German users are being hit by a newly discovered spam campaign dropping malevolent MS Office documents, which install a copy of the Ozone Remote Access Trojan (RAT) and a rogue certificate onto the victims` PCs.
With what this particular spam wave differs from the many others is that it doesn’t rely on the classic macro-laced Office docs. Instead, it uses a much older technique which hasn’t been observed for quite a while.
Once executed the JS five installs a local Proxy Auto-Config (PAC) file, which takes over the local Internet connection proxy settings of the users. This PAC file is downloaded from a Tor URL via a Tor2Web proxy service like onion.to.
After, the malicious JS file downloads a rogue Comodo certificate necessary for the upcoming Man-in-the-Middle (MitM) attack to disguise and sign malicious traffic.
Finally, the JS file downloads the last required thing – a copy of the Ozone RAT. Ozone was first noticed over a year ago and its authors are currently selling it only for $50 the platinum package and $20 the standard package.
The Ozone RAT established the connection between the hackers and their targets. By installing it onto the victims` PCs, crooks connect to the local copy and gain complete control over the victims` machines, searching for important and worthy data.
The Ozone official webpage states that they are offering a “legal” RAT product. Purchasing it, the RAT comes together with a password dumber, a hidden startup routine, a keylogger and a remote access feature.
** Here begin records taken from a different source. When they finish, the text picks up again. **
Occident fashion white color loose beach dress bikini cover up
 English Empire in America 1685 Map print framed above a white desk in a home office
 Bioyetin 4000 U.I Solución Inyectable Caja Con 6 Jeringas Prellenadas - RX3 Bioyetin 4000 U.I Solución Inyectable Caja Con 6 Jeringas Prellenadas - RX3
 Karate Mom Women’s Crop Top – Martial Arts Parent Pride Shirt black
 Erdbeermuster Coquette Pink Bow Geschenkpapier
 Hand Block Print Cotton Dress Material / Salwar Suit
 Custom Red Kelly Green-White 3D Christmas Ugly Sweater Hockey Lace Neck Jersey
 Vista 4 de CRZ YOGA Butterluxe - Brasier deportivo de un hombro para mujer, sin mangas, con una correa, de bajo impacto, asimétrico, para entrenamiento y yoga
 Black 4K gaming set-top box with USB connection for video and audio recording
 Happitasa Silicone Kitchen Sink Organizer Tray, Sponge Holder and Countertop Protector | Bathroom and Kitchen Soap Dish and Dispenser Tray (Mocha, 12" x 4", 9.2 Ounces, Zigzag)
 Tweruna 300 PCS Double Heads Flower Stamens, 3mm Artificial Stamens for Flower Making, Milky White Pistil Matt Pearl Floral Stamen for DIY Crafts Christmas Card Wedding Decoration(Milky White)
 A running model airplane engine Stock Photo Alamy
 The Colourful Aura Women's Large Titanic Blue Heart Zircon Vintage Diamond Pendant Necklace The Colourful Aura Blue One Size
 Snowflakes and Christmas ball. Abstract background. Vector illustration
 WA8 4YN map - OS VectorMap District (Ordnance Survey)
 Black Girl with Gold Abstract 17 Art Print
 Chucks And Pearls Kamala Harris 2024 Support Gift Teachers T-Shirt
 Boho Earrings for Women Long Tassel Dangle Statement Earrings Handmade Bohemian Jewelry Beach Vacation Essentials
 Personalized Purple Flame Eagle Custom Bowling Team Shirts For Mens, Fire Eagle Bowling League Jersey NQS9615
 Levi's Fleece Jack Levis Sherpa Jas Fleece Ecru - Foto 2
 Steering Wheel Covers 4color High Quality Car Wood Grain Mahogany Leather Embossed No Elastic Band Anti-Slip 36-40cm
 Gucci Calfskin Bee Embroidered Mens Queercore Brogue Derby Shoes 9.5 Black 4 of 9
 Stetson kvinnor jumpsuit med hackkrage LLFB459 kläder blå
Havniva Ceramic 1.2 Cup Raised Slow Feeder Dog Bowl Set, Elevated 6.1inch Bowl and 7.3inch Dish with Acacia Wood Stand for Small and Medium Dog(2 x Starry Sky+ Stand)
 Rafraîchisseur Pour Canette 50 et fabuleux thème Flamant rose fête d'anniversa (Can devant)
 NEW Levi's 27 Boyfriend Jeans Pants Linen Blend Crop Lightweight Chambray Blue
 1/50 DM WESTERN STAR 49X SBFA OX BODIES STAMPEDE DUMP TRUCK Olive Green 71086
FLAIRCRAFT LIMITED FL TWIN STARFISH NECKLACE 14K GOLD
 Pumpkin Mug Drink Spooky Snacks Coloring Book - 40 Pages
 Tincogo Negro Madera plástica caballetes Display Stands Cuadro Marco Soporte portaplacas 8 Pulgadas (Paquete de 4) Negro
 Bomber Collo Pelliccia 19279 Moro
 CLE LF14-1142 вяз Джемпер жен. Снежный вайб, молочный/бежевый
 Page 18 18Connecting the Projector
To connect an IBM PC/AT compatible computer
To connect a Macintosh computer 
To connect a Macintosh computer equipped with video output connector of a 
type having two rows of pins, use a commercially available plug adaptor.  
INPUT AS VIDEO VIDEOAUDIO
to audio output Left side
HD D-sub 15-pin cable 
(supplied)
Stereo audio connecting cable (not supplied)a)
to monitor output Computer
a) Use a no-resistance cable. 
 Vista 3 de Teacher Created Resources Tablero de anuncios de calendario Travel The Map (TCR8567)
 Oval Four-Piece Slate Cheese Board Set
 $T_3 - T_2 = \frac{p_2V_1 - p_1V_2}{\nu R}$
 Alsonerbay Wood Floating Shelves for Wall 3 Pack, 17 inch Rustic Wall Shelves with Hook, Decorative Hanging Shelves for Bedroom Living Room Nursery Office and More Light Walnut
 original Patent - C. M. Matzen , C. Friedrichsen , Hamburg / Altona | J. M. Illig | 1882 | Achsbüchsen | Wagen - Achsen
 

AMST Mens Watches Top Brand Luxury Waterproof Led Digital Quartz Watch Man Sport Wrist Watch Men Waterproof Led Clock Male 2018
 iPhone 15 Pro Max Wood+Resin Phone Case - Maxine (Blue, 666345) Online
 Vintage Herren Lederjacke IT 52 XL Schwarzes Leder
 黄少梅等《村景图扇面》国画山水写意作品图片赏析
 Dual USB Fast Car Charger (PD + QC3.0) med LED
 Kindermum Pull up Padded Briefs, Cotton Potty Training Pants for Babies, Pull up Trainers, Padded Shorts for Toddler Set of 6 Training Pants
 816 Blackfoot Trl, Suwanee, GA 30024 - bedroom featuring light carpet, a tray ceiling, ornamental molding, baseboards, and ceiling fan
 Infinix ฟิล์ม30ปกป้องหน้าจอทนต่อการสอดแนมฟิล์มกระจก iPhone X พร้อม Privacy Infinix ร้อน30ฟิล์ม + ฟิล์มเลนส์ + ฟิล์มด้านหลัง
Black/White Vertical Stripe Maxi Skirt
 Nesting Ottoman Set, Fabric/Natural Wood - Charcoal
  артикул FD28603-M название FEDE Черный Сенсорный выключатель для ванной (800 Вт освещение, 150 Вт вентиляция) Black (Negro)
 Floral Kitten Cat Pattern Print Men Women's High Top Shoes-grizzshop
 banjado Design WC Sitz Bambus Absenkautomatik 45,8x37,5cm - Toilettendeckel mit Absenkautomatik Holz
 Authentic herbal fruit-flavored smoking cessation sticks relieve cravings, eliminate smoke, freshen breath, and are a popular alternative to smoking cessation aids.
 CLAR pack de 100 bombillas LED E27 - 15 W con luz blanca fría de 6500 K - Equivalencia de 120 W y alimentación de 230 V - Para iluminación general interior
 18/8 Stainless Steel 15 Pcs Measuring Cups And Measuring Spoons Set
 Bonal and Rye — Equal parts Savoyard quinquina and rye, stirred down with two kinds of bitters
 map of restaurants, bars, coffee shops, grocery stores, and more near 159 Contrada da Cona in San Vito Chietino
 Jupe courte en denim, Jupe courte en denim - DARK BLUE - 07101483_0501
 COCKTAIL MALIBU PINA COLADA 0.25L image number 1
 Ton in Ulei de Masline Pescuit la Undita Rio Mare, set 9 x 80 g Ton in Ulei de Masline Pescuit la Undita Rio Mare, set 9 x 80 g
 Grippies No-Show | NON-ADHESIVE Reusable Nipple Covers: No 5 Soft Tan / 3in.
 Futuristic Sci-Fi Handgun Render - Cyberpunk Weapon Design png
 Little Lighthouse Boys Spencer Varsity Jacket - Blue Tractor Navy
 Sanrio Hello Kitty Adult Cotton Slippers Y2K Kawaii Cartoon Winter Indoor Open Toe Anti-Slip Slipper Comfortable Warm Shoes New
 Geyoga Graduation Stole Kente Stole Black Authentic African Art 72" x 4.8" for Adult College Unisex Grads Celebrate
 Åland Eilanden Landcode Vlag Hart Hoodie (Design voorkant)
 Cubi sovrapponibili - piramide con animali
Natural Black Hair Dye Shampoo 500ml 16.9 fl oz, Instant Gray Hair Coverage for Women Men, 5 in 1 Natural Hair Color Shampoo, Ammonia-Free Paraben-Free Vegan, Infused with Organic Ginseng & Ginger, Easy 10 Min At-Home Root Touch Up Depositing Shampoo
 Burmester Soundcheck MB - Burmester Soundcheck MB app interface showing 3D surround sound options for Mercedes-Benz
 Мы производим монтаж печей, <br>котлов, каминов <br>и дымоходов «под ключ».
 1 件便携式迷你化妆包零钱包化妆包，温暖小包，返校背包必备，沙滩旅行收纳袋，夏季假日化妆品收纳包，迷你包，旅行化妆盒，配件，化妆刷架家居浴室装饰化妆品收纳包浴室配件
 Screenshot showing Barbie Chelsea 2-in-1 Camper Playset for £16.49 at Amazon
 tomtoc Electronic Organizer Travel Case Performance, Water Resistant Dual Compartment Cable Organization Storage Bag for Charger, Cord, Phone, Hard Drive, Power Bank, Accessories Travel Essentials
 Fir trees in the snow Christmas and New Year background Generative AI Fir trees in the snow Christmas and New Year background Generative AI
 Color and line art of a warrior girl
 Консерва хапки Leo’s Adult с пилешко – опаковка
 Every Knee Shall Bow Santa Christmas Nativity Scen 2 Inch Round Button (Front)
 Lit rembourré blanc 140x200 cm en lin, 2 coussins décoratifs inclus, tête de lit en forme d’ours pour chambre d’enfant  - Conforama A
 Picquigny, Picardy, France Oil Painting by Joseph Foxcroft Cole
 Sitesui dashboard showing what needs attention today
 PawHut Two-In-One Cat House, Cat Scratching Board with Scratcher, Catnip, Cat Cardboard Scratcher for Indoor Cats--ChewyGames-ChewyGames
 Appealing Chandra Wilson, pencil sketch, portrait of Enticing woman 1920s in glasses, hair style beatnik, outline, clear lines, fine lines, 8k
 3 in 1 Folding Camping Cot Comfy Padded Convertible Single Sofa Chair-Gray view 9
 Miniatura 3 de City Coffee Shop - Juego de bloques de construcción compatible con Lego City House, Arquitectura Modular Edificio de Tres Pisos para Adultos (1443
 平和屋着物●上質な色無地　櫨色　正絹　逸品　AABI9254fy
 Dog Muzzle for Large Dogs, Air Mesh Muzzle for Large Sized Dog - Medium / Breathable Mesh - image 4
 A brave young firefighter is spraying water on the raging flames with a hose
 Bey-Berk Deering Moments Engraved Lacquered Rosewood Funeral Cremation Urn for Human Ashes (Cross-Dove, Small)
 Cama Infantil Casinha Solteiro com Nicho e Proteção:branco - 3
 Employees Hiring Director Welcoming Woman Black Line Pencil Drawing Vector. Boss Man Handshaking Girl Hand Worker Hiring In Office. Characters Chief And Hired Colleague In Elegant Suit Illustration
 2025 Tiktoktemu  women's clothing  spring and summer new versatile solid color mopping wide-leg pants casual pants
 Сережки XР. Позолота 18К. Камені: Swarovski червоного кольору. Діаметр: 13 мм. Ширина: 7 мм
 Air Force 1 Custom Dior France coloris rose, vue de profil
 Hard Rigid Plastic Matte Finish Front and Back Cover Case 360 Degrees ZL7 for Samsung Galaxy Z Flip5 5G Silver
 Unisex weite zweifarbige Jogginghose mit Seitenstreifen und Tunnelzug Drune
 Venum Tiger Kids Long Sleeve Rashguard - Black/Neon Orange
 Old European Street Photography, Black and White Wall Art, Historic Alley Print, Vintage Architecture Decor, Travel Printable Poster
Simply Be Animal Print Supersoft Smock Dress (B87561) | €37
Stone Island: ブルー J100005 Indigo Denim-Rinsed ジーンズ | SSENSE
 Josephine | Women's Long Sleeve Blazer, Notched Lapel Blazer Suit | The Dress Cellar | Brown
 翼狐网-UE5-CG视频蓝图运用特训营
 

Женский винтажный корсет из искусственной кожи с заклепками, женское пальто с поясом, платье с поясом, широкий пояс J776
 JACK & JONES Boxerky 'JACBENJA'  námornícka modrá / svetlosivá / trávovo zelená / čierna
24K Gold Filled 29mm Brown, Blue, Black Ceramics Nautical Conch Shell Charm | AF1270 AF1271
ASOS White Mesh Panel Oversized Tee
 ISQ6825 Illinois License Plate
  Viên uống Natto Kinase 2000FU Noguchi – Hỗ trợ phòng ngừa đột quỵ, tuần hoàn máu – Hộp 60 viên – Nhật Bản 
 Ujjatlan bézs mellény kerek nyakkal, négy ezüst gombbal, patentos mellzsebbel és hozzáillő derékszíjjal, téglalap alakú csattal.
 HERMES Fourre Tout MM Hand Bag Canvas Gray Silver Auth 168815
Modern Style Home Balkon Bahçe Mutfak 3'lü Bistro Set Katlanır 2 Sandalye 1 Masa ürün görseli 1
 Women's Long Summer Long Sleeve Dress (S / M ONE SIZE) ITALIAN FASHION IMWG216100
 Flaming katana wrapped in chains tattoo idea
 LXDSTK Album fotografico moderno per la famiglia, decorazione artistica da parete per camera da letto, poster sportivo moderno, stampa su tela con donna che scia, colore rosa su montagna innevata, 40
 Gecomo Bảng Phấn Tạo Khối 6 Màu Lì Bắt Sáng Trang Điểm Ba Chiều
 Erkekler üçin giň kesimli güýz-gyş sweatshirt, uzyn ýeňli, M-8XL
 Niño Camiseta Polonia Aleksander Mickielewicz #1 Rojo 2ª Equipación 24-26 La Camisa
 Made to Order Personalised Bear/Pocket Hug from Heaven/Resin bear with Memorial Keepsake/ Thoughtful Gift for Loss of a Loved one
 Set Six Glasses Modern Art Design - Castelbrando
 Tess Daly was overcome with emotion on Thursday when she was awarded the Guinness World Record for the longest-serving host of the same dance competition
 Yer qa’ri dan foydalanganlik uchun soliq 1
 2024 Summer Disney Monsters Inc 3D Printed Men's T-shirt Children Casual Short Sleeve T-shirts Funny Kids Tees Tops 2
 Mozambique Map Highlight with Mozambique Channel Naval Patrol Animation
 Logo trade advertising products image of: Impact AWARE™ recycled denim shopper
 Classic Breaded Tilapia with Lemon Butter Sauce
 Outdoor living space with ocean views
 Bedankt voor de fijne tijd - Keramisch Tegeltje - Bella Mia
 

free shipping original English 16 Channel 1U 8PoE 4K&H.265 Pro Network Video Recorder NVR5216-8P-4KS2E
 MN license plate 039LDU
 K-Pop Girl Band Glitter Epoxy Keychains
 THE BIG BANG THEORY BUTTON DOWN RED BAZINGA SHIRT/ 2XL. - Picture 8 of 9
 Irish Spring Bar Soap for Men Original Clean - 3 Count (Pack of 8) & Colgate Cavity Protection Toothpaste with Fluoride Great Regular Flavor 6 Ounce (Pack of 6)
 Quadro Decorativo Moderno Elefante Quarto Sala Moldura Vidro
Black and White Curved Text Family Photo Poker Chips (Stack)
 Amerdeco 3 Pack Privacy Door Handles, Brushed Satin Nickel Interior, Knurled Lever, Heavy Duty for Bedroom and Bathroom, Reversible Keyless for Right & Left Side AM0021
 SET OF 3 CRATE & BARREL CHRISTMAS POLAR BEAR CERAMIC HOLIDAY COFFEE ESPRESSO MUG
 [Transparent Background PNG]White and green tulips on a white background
It is also able to hide its actions, download and run other files if needed and access the remote PC’s webcam.
Moreover, the RAT also has its own file manager, an app manager, a process manager and a boot persistence feature.
Taking a good look at all these features, which are usually found in illegitimate spyware programs used for malicious actions, it appears that the Ozone RAT is no as legal as the website presents it to be.
“With RAT applications like Ozone, one does not need to be an expert to create and distribute malware. Anyone can buy Ozone from their websites, or simply download ‘modified’ versions.” – Fortinet’s security experts Joie Salvio and Floser Bacurio Jr. say – “Just a few words of caution, though. This can be a cunning ordeal. These ‘modified’ versions may be the malware themselves. With a lack of understanding how malware schemes work, even before starting your first attack, you may inadvertently become one of the first victims.”